Max Speed Stock 4 Cores Active 3 Cores Active 2 Cores Active 1 Core Active
Intel Core i7 870 2.93GHz 3.20GHz 3.20GHz 3.46GHz 3.60GHz
Intel Core i7 860 2.80GHz 2.93GHz 2.93GHz 3.33GHz 3.46GHz
Intel Core i5 750 2.66GHz 2.80GHz 2.80GHz 3.20GHz 3.20GHz

 

I've explained turbo mode in great detail here. In short, Lynnfield's PCU (Power Control Unit) looks at the number of cores active, shuts down those that are inactive, and uses the thermal savings to boost the clock speed of the active cores - all within the operating specs of the processor. Unless you're overclocking, turbo will never compromise system stability in search of greater performance.

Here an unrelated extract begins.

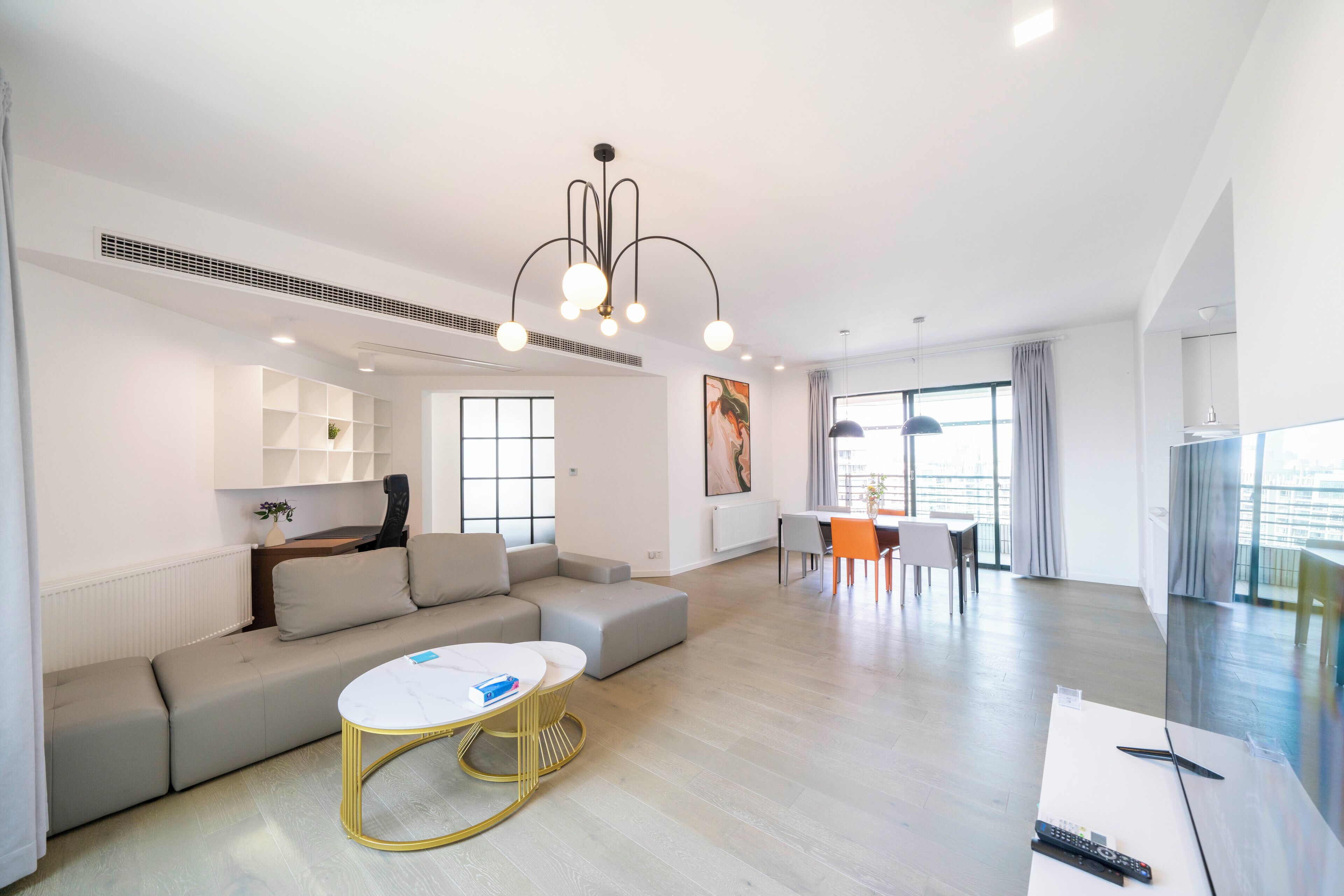 Superior-Apartment, 4 Schlafzimmer, Balkon, Stadtblick | Wohnzimmer | Smart-TV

  Single Core Dual Core Quad Core Hex Core
TDP
 

 

It works very well in practice, particularly with Windows 7. A question that's come up since the initial review is what happens when background tasks kick in. As I mentioned in the "Speed Limits" section of the Lynnfield review, this is something that can prevent turbo from kicking in:

"There's also the issue of background threads running in the OS. Although your foreground app may only use a single thread, there are usually dozens (if not hundreds) of active threads on your system at any time. Just a few of those being scheduled on sleeping cores will wake them up and limit your max turbo frequency (Windows 7 is allegedly better at not doing this)."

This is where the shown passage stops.